*** Opening Exercise material ***

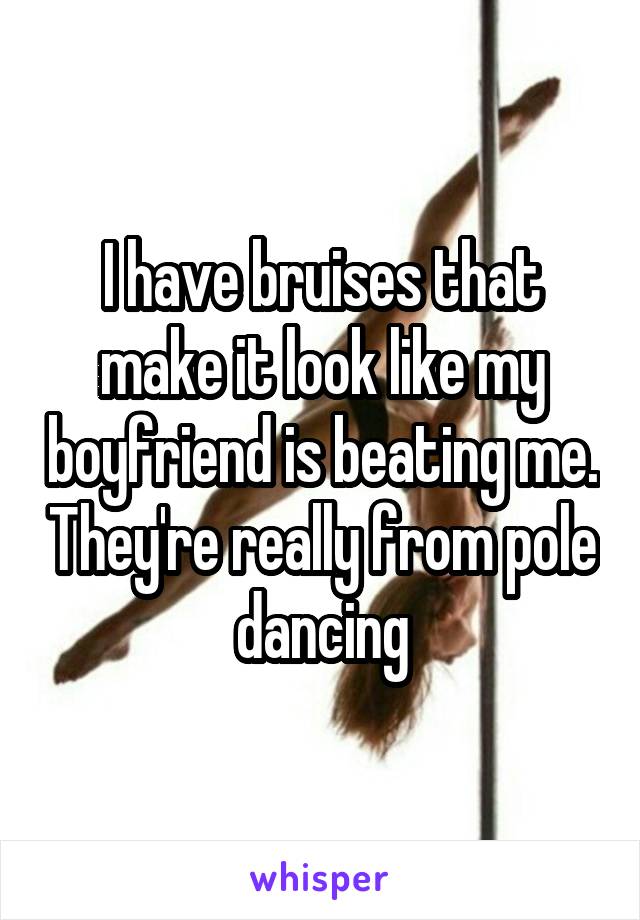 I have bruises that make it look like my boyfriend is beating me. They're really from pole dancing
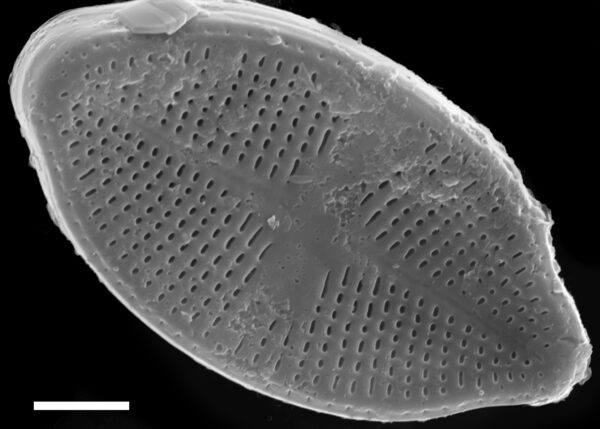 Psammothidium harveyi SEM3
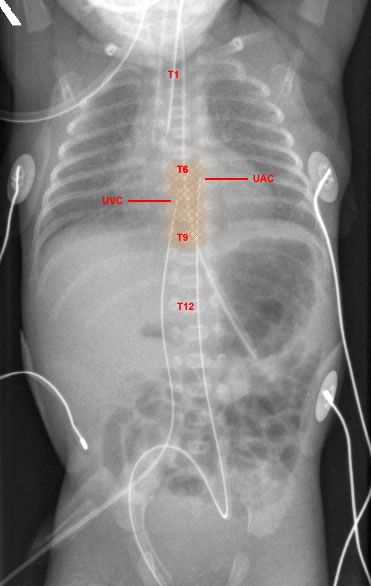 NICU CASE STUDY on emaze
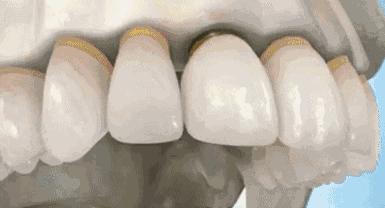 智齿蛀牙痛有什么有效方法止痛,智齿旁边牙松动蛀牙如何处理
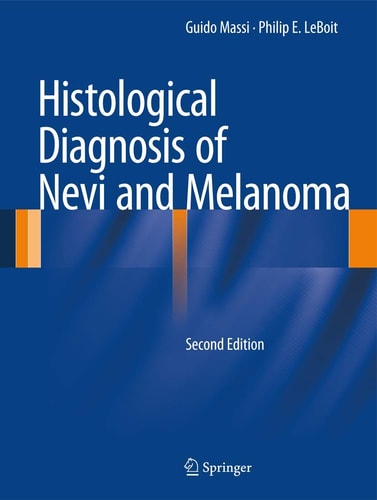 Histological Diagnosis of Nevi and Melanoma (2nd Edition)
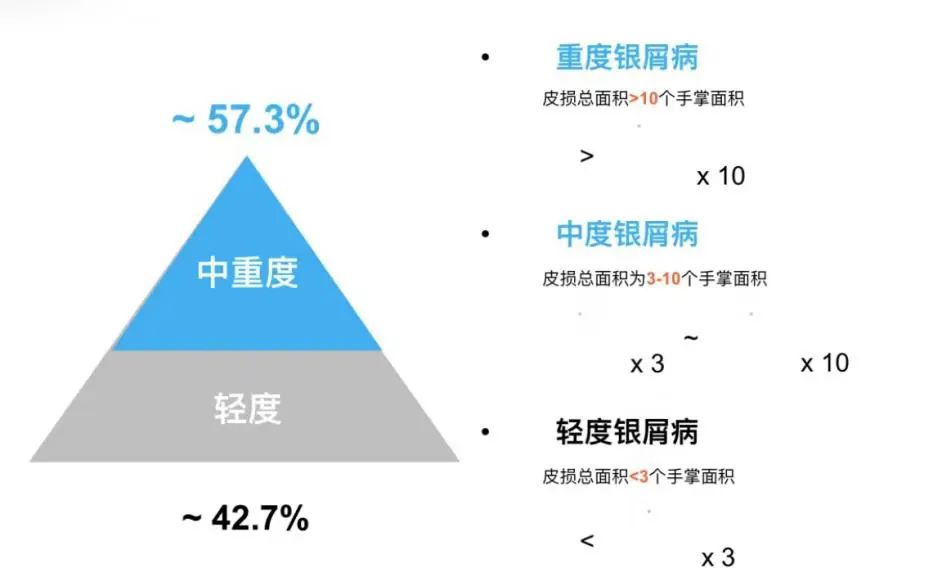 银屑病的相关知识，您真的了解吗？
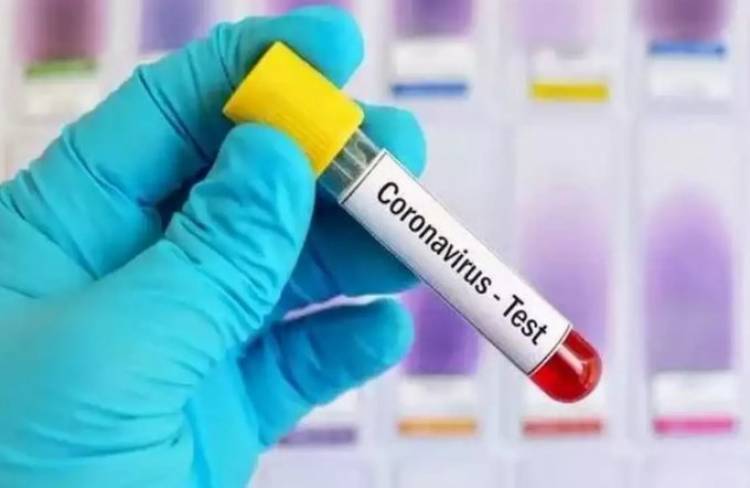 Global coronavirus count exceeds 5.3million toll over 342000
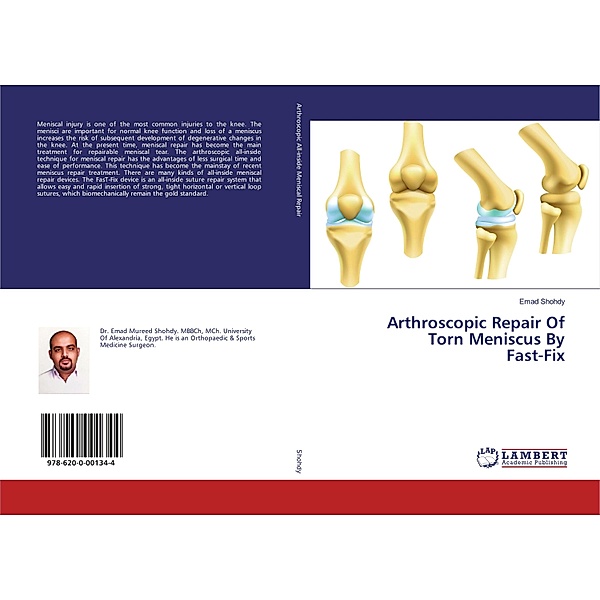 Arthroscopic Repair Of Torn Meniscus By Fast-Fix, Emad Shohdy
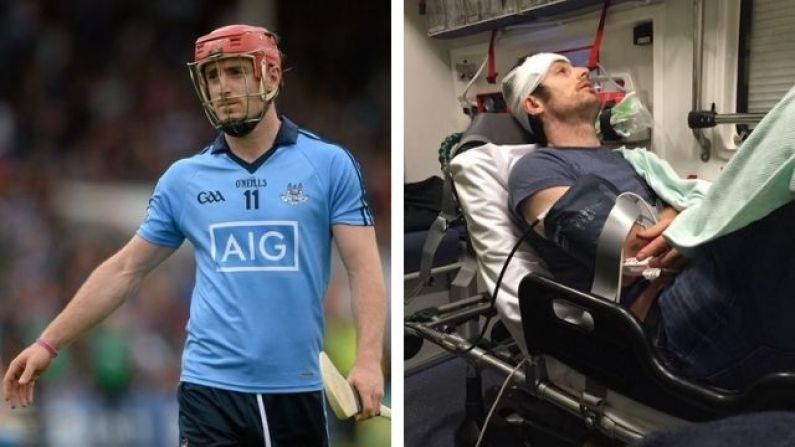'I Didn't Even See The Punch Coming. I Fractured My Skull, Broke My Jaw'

*** Closing Exercise material ***
*** Opening Exercise material ***

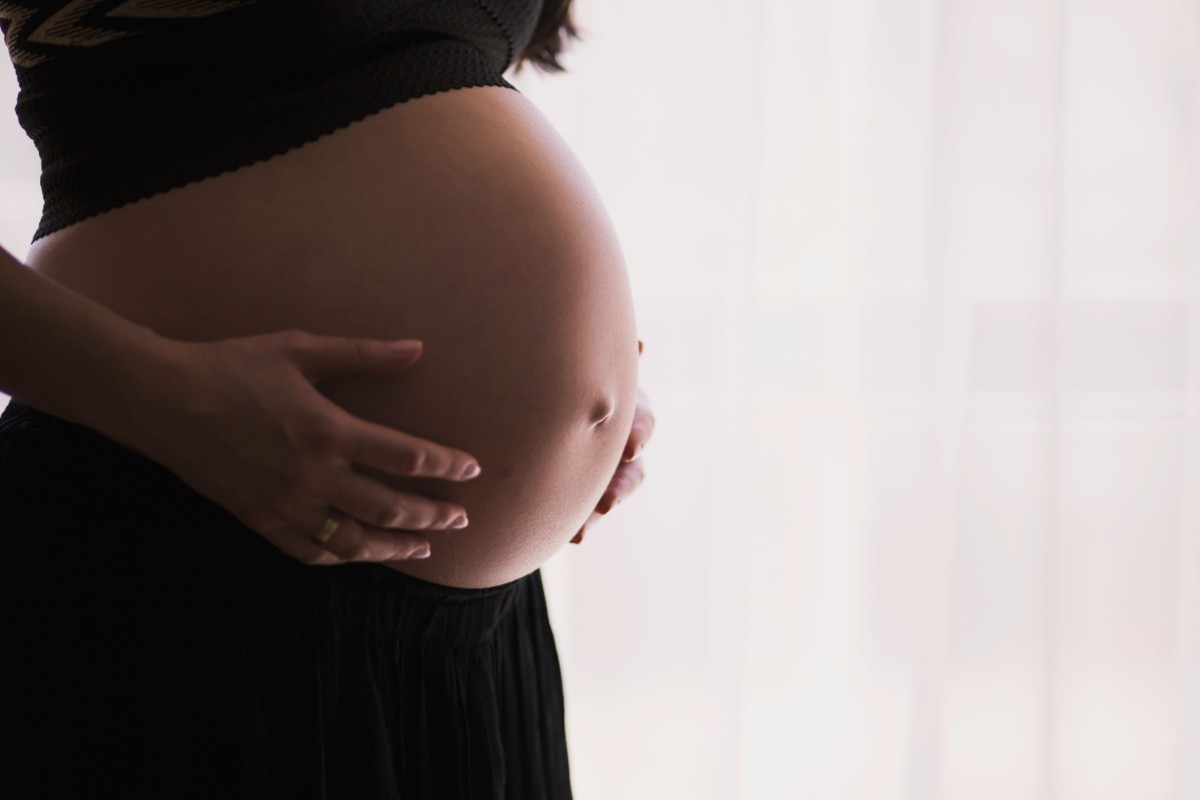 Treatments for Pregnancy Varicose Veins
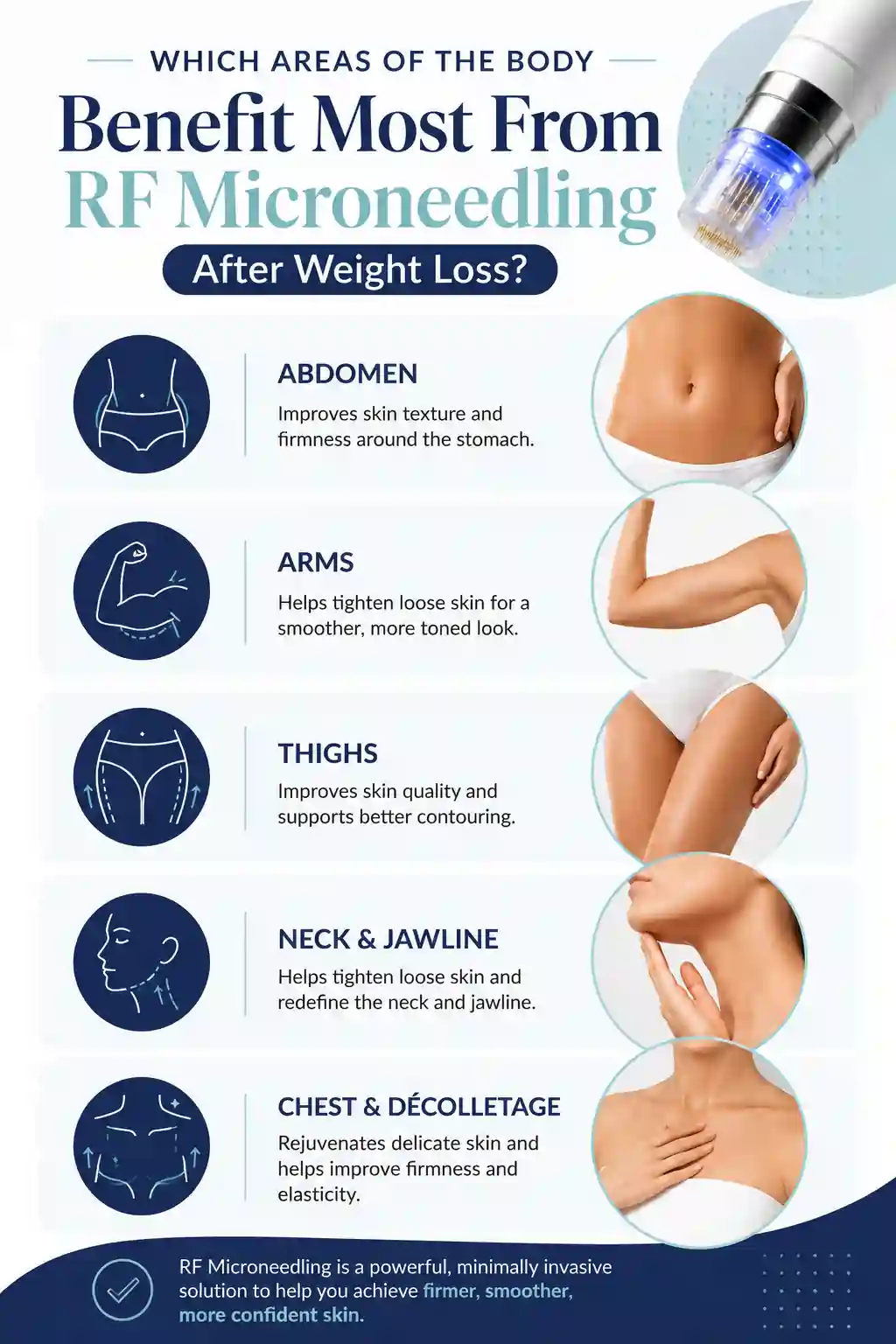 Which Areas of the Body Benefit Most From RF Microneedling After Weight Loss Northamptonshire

*** Closing Exercise material ***
*** Opening Exercise material ***

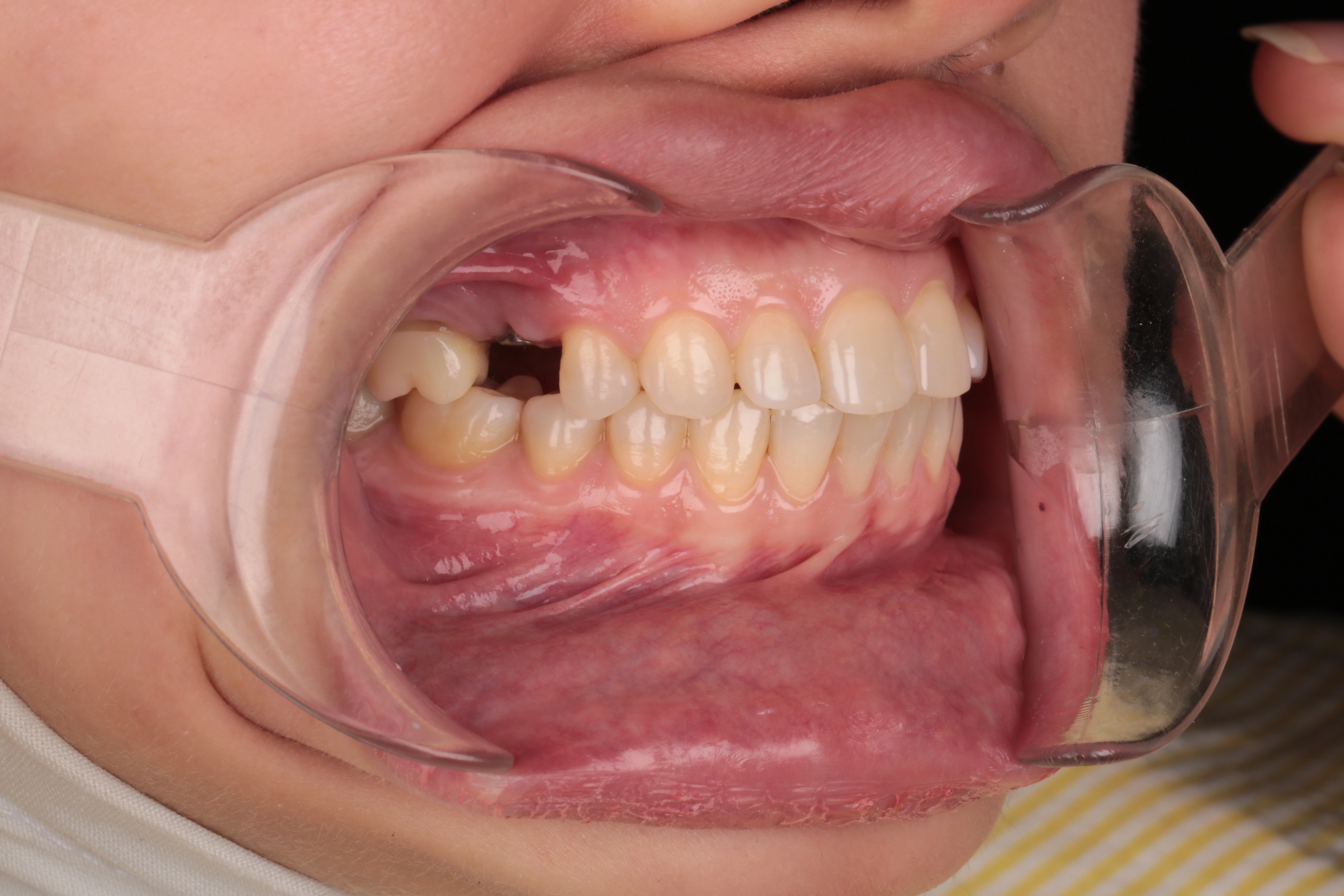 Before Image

*** Closing Exercise material ***

**Your assignment:**
The stretch above running from the line with "银屑病的相关知识，您真的了解吗？" through the line with "Broke My Jaw'" is all you should copy, exactly, leaving out the pictures.

**Response below:**
 银屑病的相关知识，您真的了解吗？
 Global coronavirus count exceeds 5.3million toll over 342000
 Arthroscopic Repair Of Torn Meniscus By Fast-Fix, Emad Shohdy
'I Didn't Even See The Punch Coming. I Fractured My Skull, Broke My Jaw'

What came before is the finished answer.